2. Drag and drop into ComfyUI.

 

Wan 2.2 Vace output

 You can see the workflow needs quite good amount of VRAM and multiple models to load for better output. Now its, this can also be done using Wan 2.2 Animate model. Follow our detailed Wan 2.2 Animate workflow tutorial for more detailed insights.

 

Some tips when working with the workflow:

1. Set width, height, and frame count as constants at the very start. Reference these in every node that needs them. This eliminates repetitive manual edits across the workflow and makes global changes fast and error free. Experiment widely Vace modules often surprise with their flexibility, especially with mixed preprocessing (depth, line art, normals).

2. Use image and video inputs that resize and crop them early to the workflow’s constant values. This guarantees aspect ratio consistency and output quality. Depth maps are extracted from video inputs for spatial awareness, which powers the vace control system for nuanced animation.
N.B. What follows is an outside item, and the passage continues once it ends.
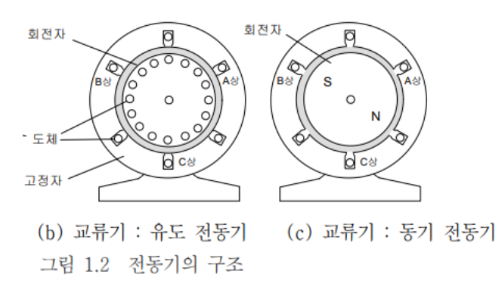 동기 전동기 구조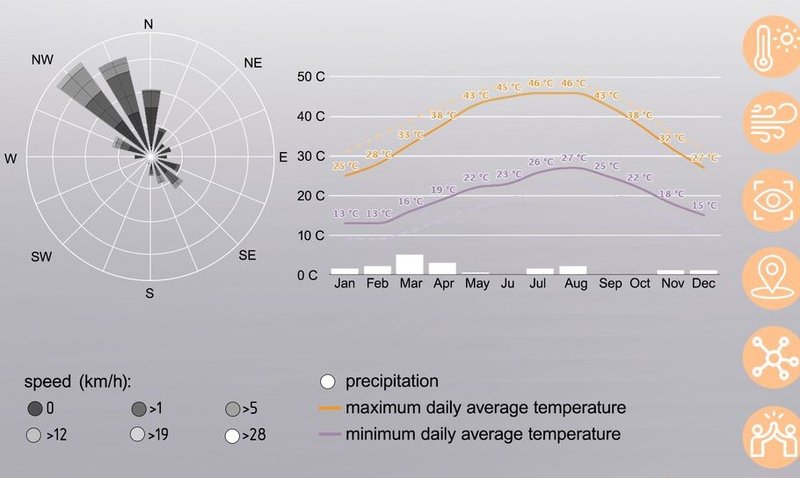 Sharjah Climate: Designing for heat and wind.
3. Florence 2 is a multimodal node (from Microsoft) that interprets your input image and generates descriptive prompts automatically. For creative control, you can prepend trigger phrases like 'anime illustration of' using a concatenate node especially helpful for guiding style-specific models.
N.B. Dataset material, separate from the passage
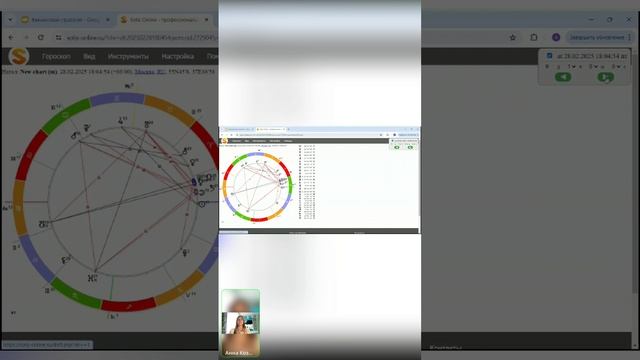 Разбор финансовых стратегий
4. The workflow uses a split between 14B and 5B parameter models. The 14B variants require more VRAM but tend to generate superior results. If VRAM is tight, consider GGUF quantizations or distilled models to fit smaller cards.

5. For massive models that exceed video card VRAM, block swap nodes push some computation to system RAM. Bigger swap values reduce VRAM usage but increase render time. The trade off- if you are not hitting out-of-memory errors, keep swap low for speed. If you do, raise swap until the run succeeds, accepting longer generations.

6. Vace is essentially a control system akin to ControlNet but more flexible. Use its start/end percent and strength settings to decide how tightly it adheres to your control input over time. Vace can combine multiple reference images and masks across frame intervals, unlocking complex temporal behaviors. This is ripe for experimentation that animated masks, open pose skeletons, or trajectory controls are all in play.

7. By condensing nodes into sub-graphs, users expose only the most relevant parameters like input, output, prompt prefix, and key node settings. The rest runs under the hood, tidy and efficient. For workflow sharing, this lets others focus on what matters without getting lost in technical clutter.

8. If you get errors loading models, double-check compatibility between node types (native vs wrappers) and FP16/FP8 variants.

9. For quality control, balance the usage of distilled models and advanced samplers. More steps mean longer render but potentially higher fidelity. Use samplers to cut unnecessary computation if quality loss is acceptable.